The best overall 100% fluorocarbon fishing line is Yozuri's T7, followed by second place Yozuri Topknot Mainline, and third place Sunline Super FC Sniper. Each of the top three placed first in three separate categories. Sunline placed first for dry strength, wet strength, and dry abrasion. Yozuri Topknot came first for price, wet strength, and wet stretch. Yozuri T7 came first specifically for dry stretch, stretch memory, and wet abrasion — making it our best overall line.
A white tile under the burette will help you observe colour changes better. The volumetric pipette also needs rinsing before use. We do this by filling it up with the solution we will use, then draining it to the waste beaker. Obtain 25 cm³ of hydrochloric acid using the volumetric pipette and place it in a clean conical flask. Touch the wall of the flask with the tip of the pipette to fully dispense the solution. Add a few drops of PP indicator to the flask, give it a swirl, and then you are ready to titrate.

—————

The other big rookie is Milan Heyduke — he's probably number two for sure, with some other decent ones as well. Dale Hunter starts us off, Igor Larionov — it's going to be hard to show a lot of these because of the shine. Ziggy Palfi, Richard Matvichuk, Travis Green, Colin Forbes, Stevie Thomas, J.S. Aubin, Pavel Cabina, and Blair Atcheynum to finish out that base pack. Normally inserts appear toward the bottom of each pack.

—————

» What the task asks
In the records above, find the line with "The best overall"; write out exactly that line and each one after it, stopping after the line with "A white tile".

» Result of this task
The best overall 100% fluorocarbon fishing line is Yozuri's T7, followed by second place Yozuri Topknot Mainline, and third place Sunline Super FC Sniper. Each of the top three placed first in three separate categories. Sunline placed first for dry strength, wet strength, and dry abrasion. Yozuri Topknot came first for price, wet strength, and wet stretch. Yozuri T7 came first specifically for dry stretch, stretch memory, and wet abrasion — making it our best overall line.
A white tile under the burette will help you observe colour changes better. The volumetric pipette also needs rinsing before use. We do this by filling it up with the solution we will use, then draining it to the waste beaker. Obtain 25 cm³ of hydrochloric acid using the volumetric pipette and place it in a clean conical flask. Touch the wall of the flask with the tip of the pipette to fully dispense the solution. Add a few drops of PP indicator to the flask, give it a swirl, and then you are ready to titrate.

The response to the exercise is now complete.